L’allarme è scattato poco dopo le 18.30 all’interno di un’azienda specializzata nello smaltimento di rifiuti. I colleghi hanno scoperto i due lavoratori, di 44 e 32 anni, svenuti all’interno del rimorchio, trasformato improvvisamente in un ambiente pericoloso. Le loro condizioni sono apparse fin da subito gravissime.
I due sono stati soccorsi e trasferiti d’urgenza in ospedale. Il più giovane è stato ricoverato al Papa Giovanni XXIII di Bergamo, mentre il 44enne al Bolognini di Seriate, entrambi in prognosi riservata.
Secondo una prima ricostruzione, le esalazioni provenienti dall’autocisterna sarebbero all’origine dell’incidente, anche se la natura precisa della sostanza sarà chiarita solo dalle analisi.
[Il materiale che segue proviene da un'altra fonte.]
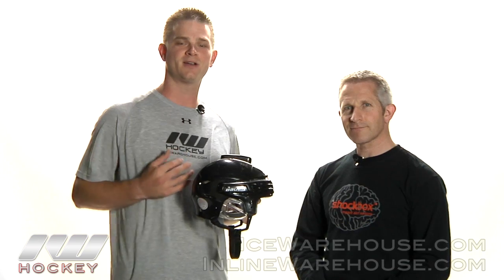Once again, this is Sean here at iDub. I have Danny Crossman from Impact Protective, and you can pick up these Shockboxes at inlineandicewarehouse.com.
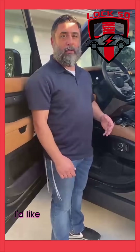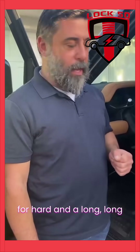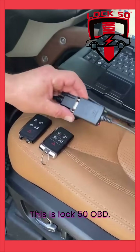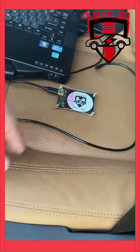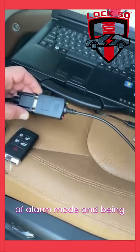What I'd like to present to you is something that we've been waiting and working on for a long, long time. This is Lock50 OBD. This is our original tool, which you guys are familiar with, to get vehicles out of alarm mode and be able to program.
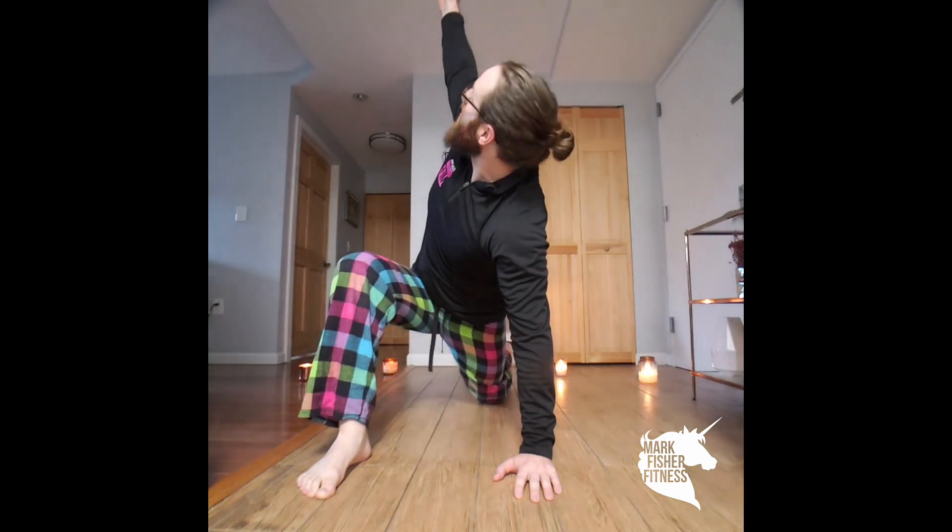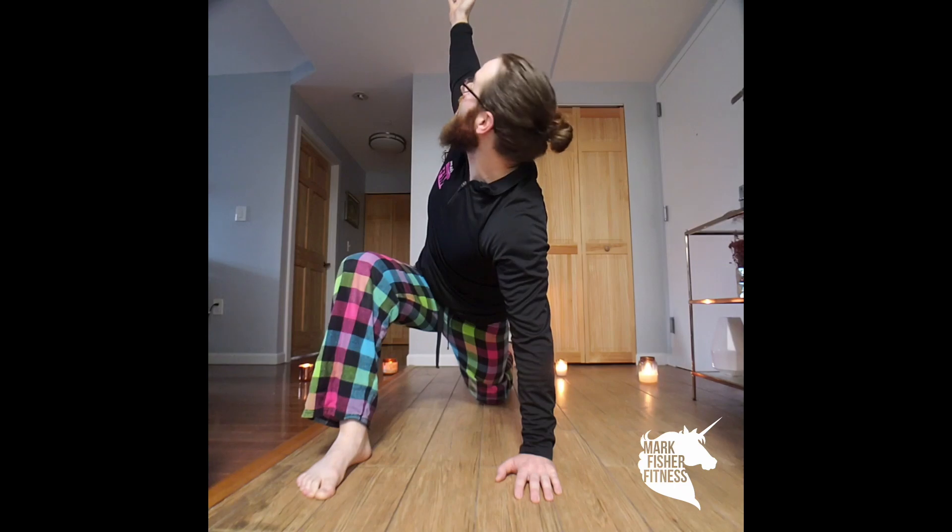The Spider-Man lunge is pretty simple. You start in your plank position, bring a foot up to your hand, drop a knee to the ground, squeeze that butt cheek, and reach to the ceiling, making sure that you can take a breath here before switching to the other side.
Tra le ipotesi, quella della presenza di composti riconducibili allo zolfo, ma si tratta di elementi ancora da verificare.
Un dettaglio importante riguarda la dinamica. I due operai non stavano lavorando all’interno del mezzo, ma nelle immediate vicinanze, quando sarebbero stati colpiti dai vapori. Il 44enne, più vicino all’autocisterna, avrebbe perso i sensi per primo, seguito poco dopo dal collega 32enne.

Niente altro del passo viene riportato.